Almost 5,000 killed in Turkey-PKK conflict since 2015 – report

At least 4,825 people have been killed in clashes or terror attacks since July 20, 2015, when a peace process broke down in the conflict between Turkey and the outlawed Kurdistan Workers’ Party (PKK), a report by the International Crisis Group found.

The number includes 489 civilians and 226 people, who could not be confirmed to be civilians or combatants, cited throughout the report as individuals of unknown affiliation.

The highest number of civilian fatalities occurred in January 2016, when 44 people were killed.

In February 2016, 17 civilians and 56 individuals of unknown affiliation were killed in the southeastern Şırnak province alone.

A total of 1,229 Turkish security forces were killed in the same timeframe, as well as 2,859 PKK militants.

During a peace process between Turkey and the PKK, from March 2013 to July 2015, a total of 25 members of the Turkish security forces, 25 PKK members and 66 civilians were killed, according to the report, which did not specify by whom the killings were committed.

The four-decades-long conflict between Turkey and the outlawed PKK began in 1984, when the PKK carried out its first action in its bid for Kurdish self-rule in Turkey. The organisation, whic is designated as a terrorist organisation by Turkey, the United States, and the European Union, also has supporters and bases in Iraq and Syria.

An overwhelming portion of fatalities in the two years of talks occurred in Oct. 2014, when deaths related to widespread protests against an Islamic State (ISIS) siege of the northeast Syrian Kurdish town of Kobani increased the month’s total to 42 civilians, 11 members of Turkish security forces and 10 PKK militants, the report said.

Turkey considers the PKK to have solid ties with the Syrian Democratic Forces (SDF), the main Syrian-Kurdish organisation that controlled an enclave in northeast Syria from 2011 to late 2019, until Turkey launched a military incursion into the area.

The fatality rate peaked in the winter following the collapse of the peace process, and clashes continued into 2016 in majority-Kurdish southeastern provinces where PKK-linked youth militias briefly took over before security forces re-established control in June, the report said.

The power balance in the conflict has since shifted significantly in favour of Turkey, the report suggested, as indicated by the almost four-fold increase in the “rate of PKK militants killed per one state security force member.”

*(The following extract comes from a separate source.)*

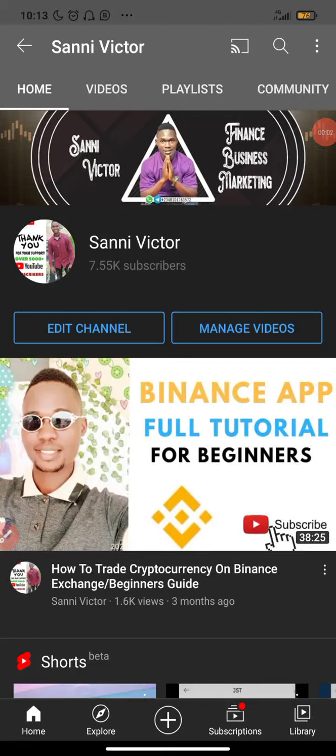What's up guys, Victor here. Welcome back again to my YouTube channel. Today I'm going to be showing you another cryptocurrency trading signal from Qubit Live.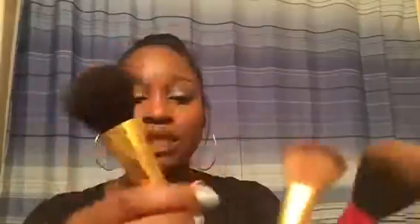Moving on to powder brushes — I have three I really like. First is the BH Cosmetics 108 powder brush. It's short, dense, and fans out so you can pounce the powder onto your face and then buff it in. The shape is just perfect. You need this brush.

In Hakkari, one of the provinces where the conflict has historically been the harshest, fatalities of both PKK militants and Turkish security forces were found to show the highest diversity of hometowns, with PKK militants coming from almost all majority-Kurdish provinces, some Turkish-majority metropolitan cities, and Kurdish-populated areas of neighbouring Iraq, Iran and Syria. Turkish security forces, it said, came from more than 60 provinces throughout Turkey, including some Kurdish-majority ones.

Some 99 percent of Turkish security forces killed in the conflict were male, with 66 percent of them low- and mid-ranking soldiers of the Turkish army, which has compulsory service only for men.

The fatalities of the PKK, on the other hand, were 23 percent female. The majority of female militants were members of the People’s Defence Forces (HPG), the armed wing of the PKK, which operates in both rural and urban areas. There were considerably fewer female militants, five percent of fatalities, among members of the younger-leaning Civil Protection Units (YPS), who were involved only in urban conflict.

Since the conclusion of 2016’s urban conflicts, fighting has shifted back to rural areas, where it had been focused throughout four decades.

There have been no urban fatalities since November 2018, according to the report, which included only deaths that could be identified and confirmed via public channels, such as news reports and funeral records.